How much do you guess it would cost to run a month (assume 10 people at most)?
posted by otto42 to Work & Money (8 answers total) 3 users marked this as a favorite
 
Here is Salesforce.com's pricing structure.

I have used it before and recommend it. Before it existed, my company went through three painful and expensive bespoke builds of a CRM system. By most comparisons Salesforce is simple and easy to use. It's in the cloud, and may not need as customisation as you think if you don't have very bespoke processes to map onto it.

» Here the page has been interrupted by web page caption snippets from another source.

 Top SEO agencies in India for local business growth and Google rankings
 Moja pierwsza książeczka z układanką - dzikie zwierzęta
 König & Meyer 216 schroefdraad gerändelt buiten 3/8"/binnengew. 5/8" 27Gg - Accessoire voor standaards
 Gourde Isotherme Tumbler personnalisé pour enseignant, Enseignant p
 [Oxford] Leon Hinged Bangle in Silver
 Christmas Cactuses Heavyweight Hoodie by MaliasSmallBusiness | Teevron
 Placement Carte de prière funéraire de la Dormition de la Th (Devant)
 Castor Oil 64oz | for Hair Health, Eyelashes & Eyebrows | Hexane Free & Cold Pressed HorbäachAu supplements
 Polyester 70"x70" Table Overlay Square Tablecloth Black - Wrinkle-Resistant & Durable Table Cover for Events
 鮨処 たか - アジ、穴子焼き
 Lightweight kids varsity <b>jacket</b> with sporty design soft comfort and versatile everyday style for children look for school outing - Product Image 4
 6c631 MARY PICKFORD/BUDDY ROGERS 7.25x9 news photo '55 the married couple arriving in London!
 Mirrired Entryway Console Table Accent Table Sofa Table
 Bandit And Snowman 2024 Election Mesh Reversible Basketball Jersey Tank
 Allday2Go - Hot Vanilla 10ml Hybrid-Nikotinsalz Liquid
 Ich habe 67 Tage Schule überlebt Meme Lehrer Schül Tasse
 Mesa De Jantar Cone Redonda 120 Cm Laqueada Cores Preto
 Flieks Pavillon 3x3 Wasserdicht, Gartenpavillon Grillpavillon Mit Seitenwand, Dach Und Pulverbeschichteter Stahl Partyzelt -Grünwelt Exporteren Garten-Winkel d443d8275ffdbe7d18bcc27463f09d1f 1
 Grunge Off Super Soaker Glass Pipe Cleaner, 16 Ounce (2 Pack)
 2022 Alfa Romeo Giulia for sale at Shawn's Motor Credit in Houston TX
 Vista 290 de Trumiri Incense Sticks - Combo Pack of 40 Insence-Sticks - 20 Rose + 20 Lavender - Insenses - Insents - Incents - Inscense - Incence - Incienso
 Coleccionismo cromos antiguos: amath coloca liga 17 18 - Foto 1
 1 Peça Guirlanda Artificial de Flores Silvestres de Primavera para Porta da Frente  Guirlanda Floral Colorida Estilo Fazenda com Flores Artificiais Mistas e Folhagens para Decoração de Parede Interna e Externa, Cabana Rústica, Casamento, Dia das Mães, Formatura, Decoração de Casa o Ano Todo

You can see the cost of Freelancers on places like elance. There is a large corpus of qualified developers, which is another bonus.
posted by MuffinMan at 8:07 AM on March 8, 2013


Microsoft Dynamics CRM (cloud version) runs about $45/month/user and has a 30-day free trial. It is possible to customize in the sense of writing your own code, but a good CRM system should be configurable to a fairly high degree of flexibility. (Your description of sales steps above would be out of the box, and you'd have the ability to configure some logic against certain kinds of steps, without needing a developer.) If you're using Outlook and Exchange (or Office 365 mail), there's a high degree of collaboration between the two.
posted by Lyn Never at 8:19 AM on March 8, 2013


I use salesforce.com for my company. Though it is not a financial services firm, I have found it to be very easy to use, with great customer service, extensive documentation and support, etc.

Perhaps you can call them and explain to them what you're looking for. Ask them how/if their service can help you.

They've got a pretty good reputation as far as CRM packages are concerned.
posted by dfriedman at 8:32 AM on March 8, 2013


SugarCRM is another well-known CRM. And Netsuite also has CRM.
posted by Dansaman at 9:35 AM on March 8, 2013


My employer does SugarCRM hosting and customization. Ping me via MeFiMail if you want to talk further.
posted by COD at 9:50 AM on March 8, 2013


Highrise might be a good option to look at as well - you might like the deal based approach.
posted by ssg at 10:44 AM on March 8, 2013


Act! is a product that might make sense for your user size.
posted by Sculthorpe at 10:50 AM on March 8, 2013


I'm a Salesforce.com Admin, and I picked it up cold, without any training. It's very easy to learn and use and the reporting and dashboards are pretty great!

The on-line community is good as well, and you can go there 24/7 and ask any question about anything.

I also like it because there's a mobile app which is great for folks on the go.

You can use it for Service, fulfilling orders, producing and distributing quotes and RFPs.

It slices, it dices, it makes thousands of Julliene fries!

Tons of people can use Salesforce.com, so getting someone in freelance to make it do what it do is very easy.